The bad in high inflation
First, let’s start off with the bad in high inflation. Just when we thought the inflation of 6.8% in April was bad, Statistics Canada reported inflation hitting 7.7% in May 2022, the biggest jump since January 1983. Already Canadians are feeling a lighter wallet at the gas pump, grocery store, and pretty much at every part of our lives. Canadians, particularly, those with many mouths to feed, are concerned their income cannot keep up with the ridiculously high inflation.
The Bank of Canada has been doing its job by raising the key interest rate target three times this year to 1.5%. The central bank essentially indicated it’ll make more hikes if inflation doesn’t get back in line. The inflation rate has a long way to go before it returns to the long-term target rate of 1-3%.
Interest rate hikes will cascade down to all kinds of credit, including mortgage rates, personal/commercial lines of credit, etc. This, in turn, increases Canadians’ borrowing costs and interest expense.
The good in high inflation
High inflation leading to rising interest rates aren’t all bad. For example, interest rates we get from our banks for our savings accounts and GICs are also increasing. Bond yields are also rising. This means our emergency funds and lower-risk investments can earn higher interest income.

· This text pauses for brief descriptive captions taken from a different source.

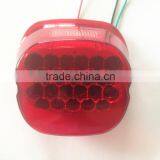 LED Tail Brake Light For Harley thumbnail-3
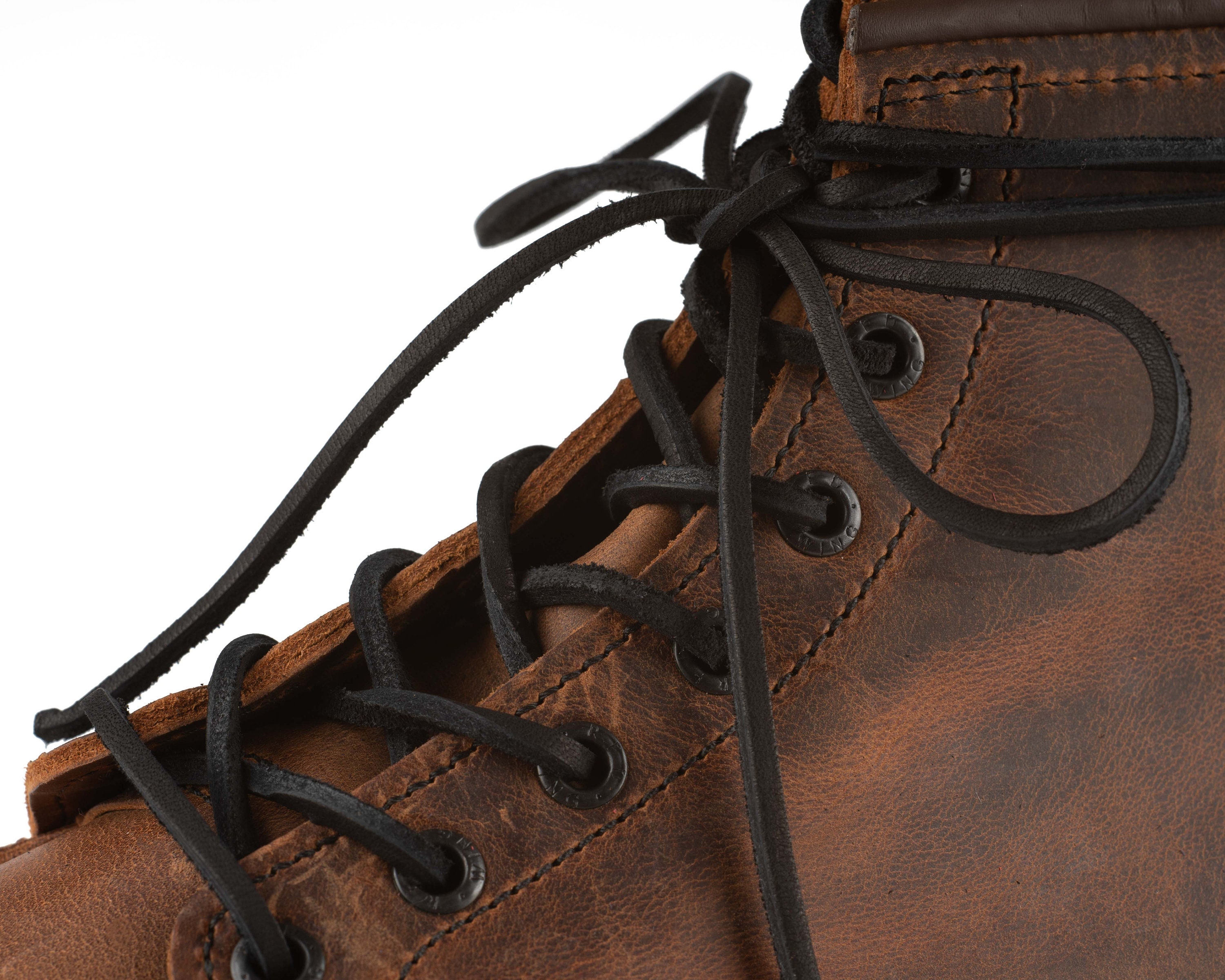 extra long black boot laces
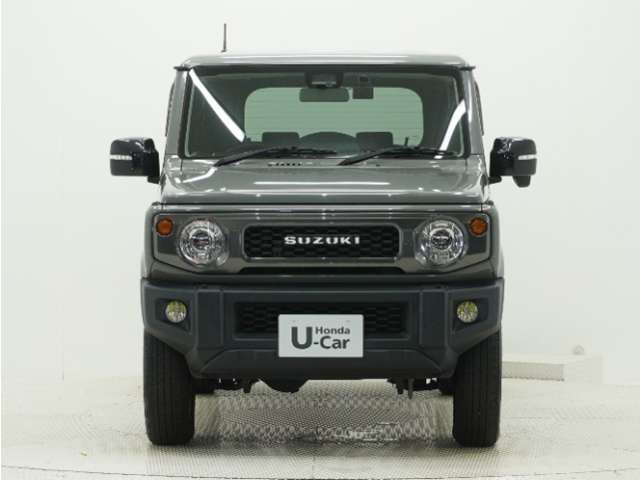 ジムニーXC 4WD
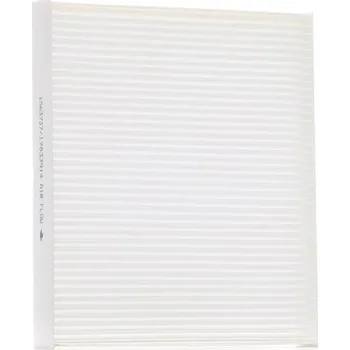 Kabinový filtr Ridex 424I0738 Filtr, ventilace prostoru pro cestující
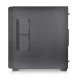 Thermaltake Obudowa - S250 TG ARGB - Black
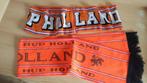 Oranje sjaals/dassen, Ophalen of Verzenden, Nieuw, Overige binnenlandse clubs, Vaantje of Sjaal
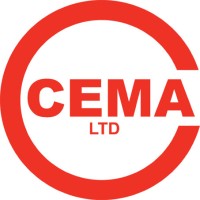 Cema Ltd logo - Similar company to Hobut (Howard Butler Ltd)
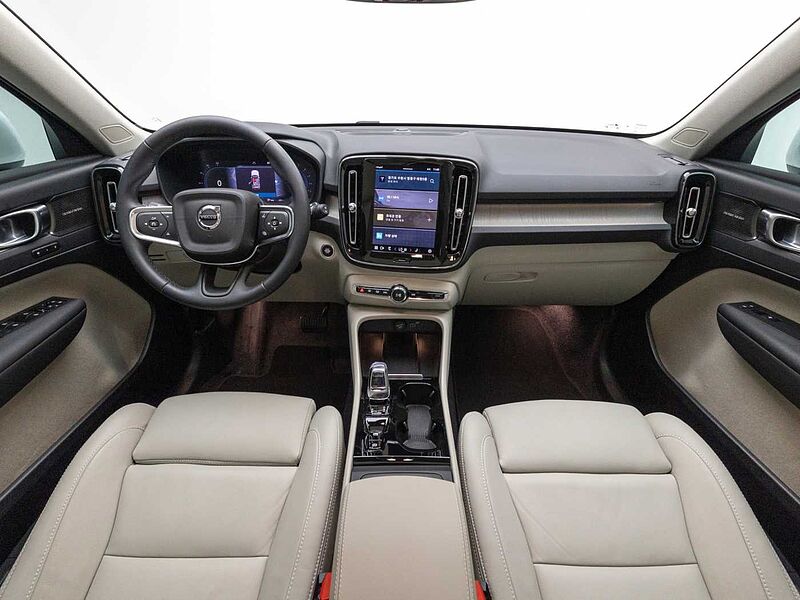 Volvo  Ultra, B4 AWD 마일드 하이브리드, 가솔린, 브라이트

Canadians who have excess cash to invest for longer term can also benefit from this situation. The stock market is correcting, providing value opportunities in quality dividend stocks like Brookfield Infrastructure Partners (TSX:BIP.UN)(NYSE:BIP).
The global utility stock has long-life, cash-cow infrastructure assets in utilities, transportation, midstream, and data. It’s diversified. It generates quality and sustainable cash flow of which approximately 90% is regulated or contracted and 70% is indexed to inflation. Yes, inflation! So, high inflation speeds up its overall cash flow growth.
BIP’s interest expense are predictable and has little impact from rising interest rates in the near to medium term, because about 90% of its debt is fixed rate.
So far, the dividend stock has corrected more than 16% from its peak and provides a more attractive yield of 3.9% for a defensive utility. To be clear, “defensive” is in terms of the strength of the business and the sustainability of its cash flows. Due to the macro environment, the stock will likely trade cheaper over the next months, providing an even better opportunity to accumulate shares in the wonderful business.
Brookfield Infrastructure is a value stock that targets cash distribution growth of 5-9% per year, supported by healthy cash flow growth.
Canadians’ takeaway
While we cannot control if we will get a raise from our jobs to combat inflation, we can target to save a percentage of our after-tax income and invest it in solid dividend stocks, like Brookfield Infrastructure, that pay growing cash distributions.
By buying a basket of quality and diversified dividend stocks at great value in this market correction, Canadians can pretty much guarantee growing investment income to fight inflation and the increased cost of living.